The highly-subsidized Northeast Coal project, for example, promised more jobs and profits than they delivered in the 1980s. Only 55 per cent of forecast jobs ever appeared and at a cost to the taxpayer of $1.4 million per job.
The report’s conclusions are stark: “Our research indicates that caribou are being sacrificed under a faulty and grossly exaggerated benefits narrative developed without any meaningful guidelines as to how the benefits should be estimated or presented.”
Moreover “regulators do not test the reasonableness of proponents’ projections, and they fail to ensure that the benefits upon which project approval is based actually materialize.”
‘They didn’t even anticipate booms and busts’
Allan told The Tyee that report really highlights profound and systemic failings in regulatory oversight that both destroy nature and waste capital.
“We know that most of the caribou in the region are headed towards extinction and that the promises on mitigating the impacts on caribou have been broken,” said Allan.
“But what shocked me most was the total failure to protect the economy. The regulators failed at every level. They didn’t even anticipate booms and busts.”
Allan said the report’s findings should be intently studied by Albertans because the Kenney government has become a brash advocate for Australian coal miners and their speculators.
Four Australian companies now propose to industrialize more than 800 square kilometres of the southern Rockies with a half dozen open-pit coal mines in the Oldman River watershed.
To open up 1.5 million hectares to development and exploration the Kenney government also abolished the province’s 44-year-old Coal Policy.

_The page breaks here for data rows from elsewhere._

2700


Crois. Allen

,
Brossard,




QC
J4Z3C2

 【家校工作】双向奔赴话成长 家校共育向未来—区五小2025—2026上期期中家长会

Unlike British Columbia’s mining regime, that policy sought to correct the excesses of the bust and boom industry with rigorous assessments of costs and benefits as well as high royalties and strict environmental guidelines.
“Albertans must understand that once you take the top off a mountain, it never goes back on,” warned Allan.
She added that the mining companies will duly produce rosy job forecasts with no bust cycles, healthy revenues and commitments to fix the environmental damage.
“But based on our research in northeastern B.C., all of those promises will be broken. And I’d be very careful of the regulators: they say one thing and do another.”
*Story updated at 9:05 p.m. on Dec. 3, 2020 to include the Mining Association of British Columbia’s response which was received after publication.